➡ Vu au cinéma Caméo des Grignoux - Sortie du film le 18 juillet 2018
Signe(s) particulier(s) :
– premier film écrit et réalisé par le danois Gustav Möller, notamment récompensé du Prix du public de la section "World Cinema Dramatic" au Festival du film de Sundance 2018 ;
– thriller tourné de façon chronologique, sur treize jours, avec trois caméras.

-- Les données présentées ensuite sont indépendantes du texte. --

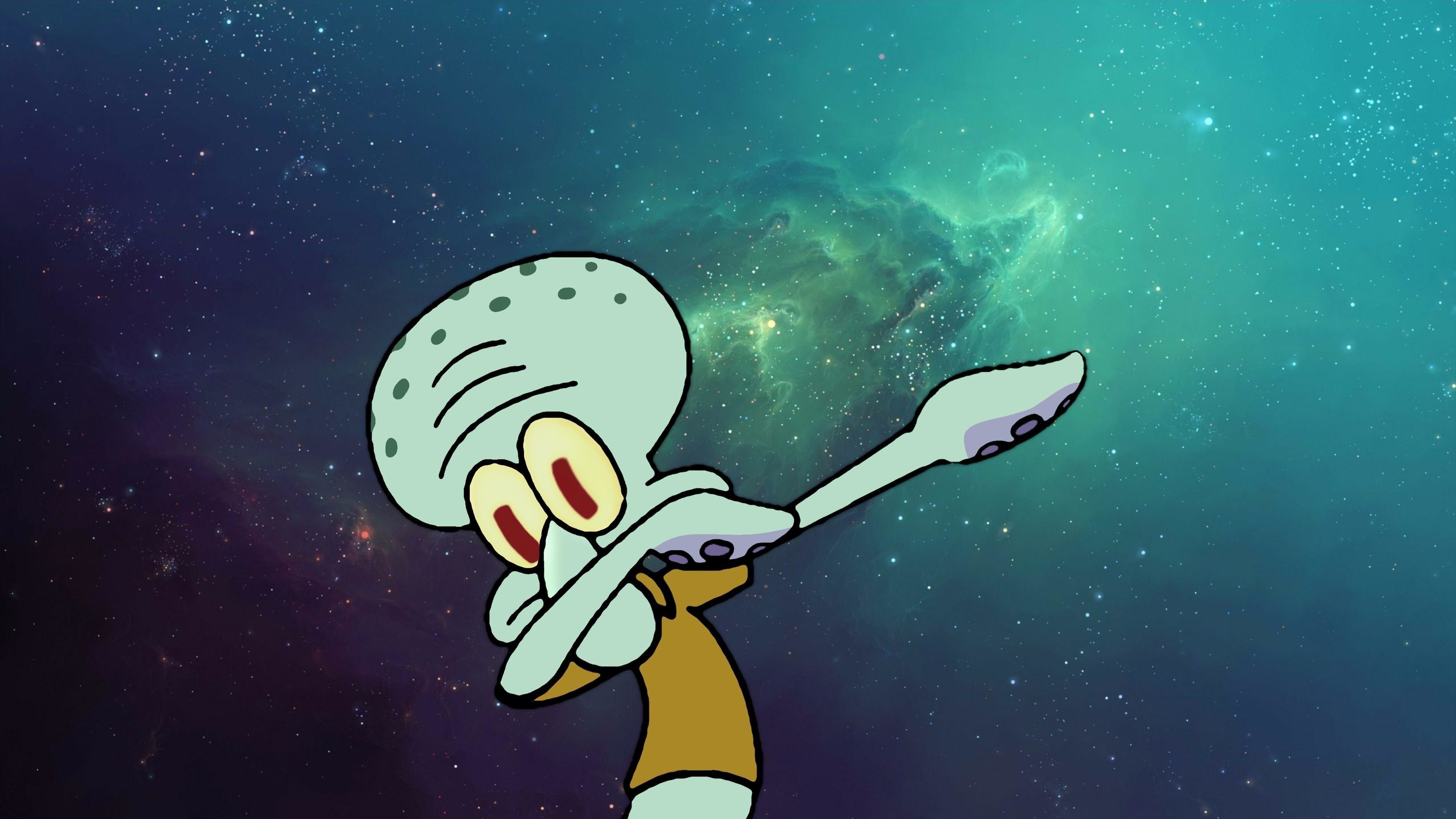 Squidward dab wallpapers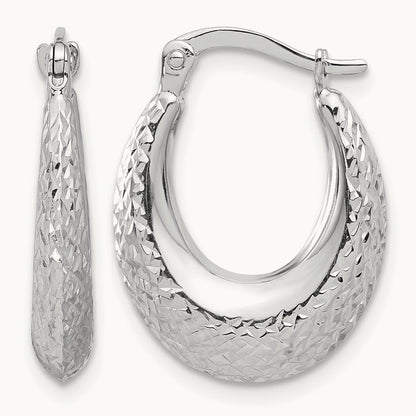 Polished and Diamond-cut Hoop Earrings — photo set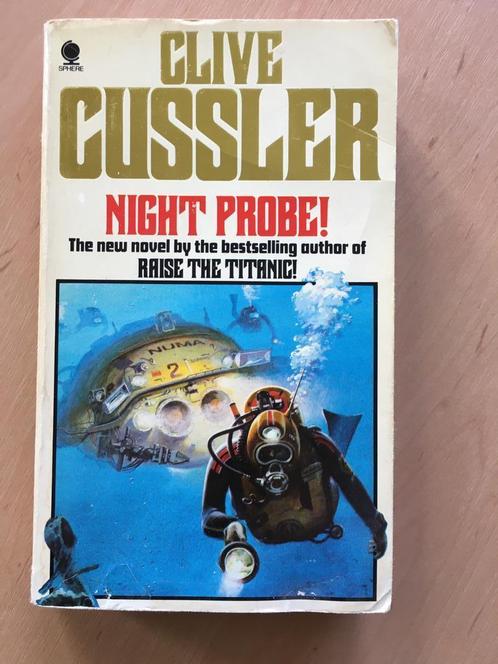 Clive Cussler - Night Probe!, Livres, Langue | Anglais, Utilisé, Enlèvement ou Envoi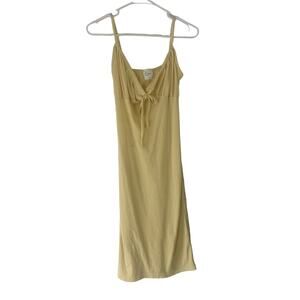 Livi By Olivia Rae Women's Size Medium Yellow Bodycon Ribbed Midi Dress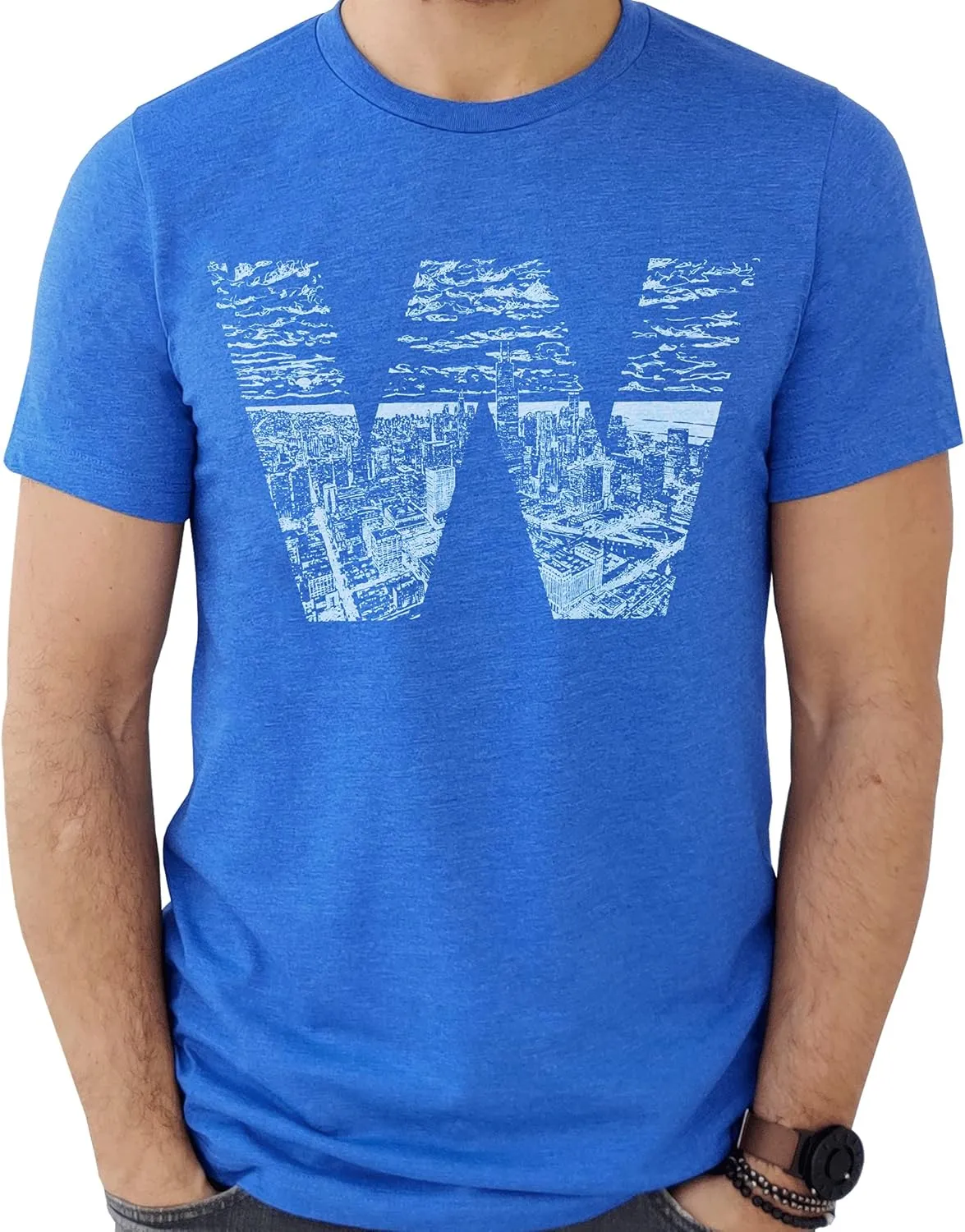 Hand-Drawn W Skyline T-Shirt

Résumé : Une femme, victime d’un kidnapping, contacte les urgences de la police au 1-1-2. La ligne est brutalement coupée. Pour Asger Holm, le policier qui a reçu l’appel, commence une course contre la montre téléphonique, où il ne pourra compter que sur son intuition, son imagination, et son téléphone pour tenter de résoudre l’affaire.
La critique
À la façon du film "Phone Game" de Joel Schumacher (2003), ce premier film d’un réalisateur Danois nous embarque dans un puissant huit clos, où un policier du service des urgences se retrouve au téléphone avec une femme kidnappée. Mais suite à la tournure incontrôlable de l’opération, seuls ses compétences ne suffiront pas à la sauver... Thriller oppressant, voilà une expérience de cinéma qui laisse le libre recours à notre imagination, et nous permet de vibrer face au regard d’un homme déchu.
"The Guilty" est une très bonne surprise, qu’on n’attendait pas. On le sait, ce n’est pas facile de maintenir l’attention éveillée du spectateur sans lui proposer de quoi se trémousser les yeux, et encore moins un scénario (bien que certains s’en passent).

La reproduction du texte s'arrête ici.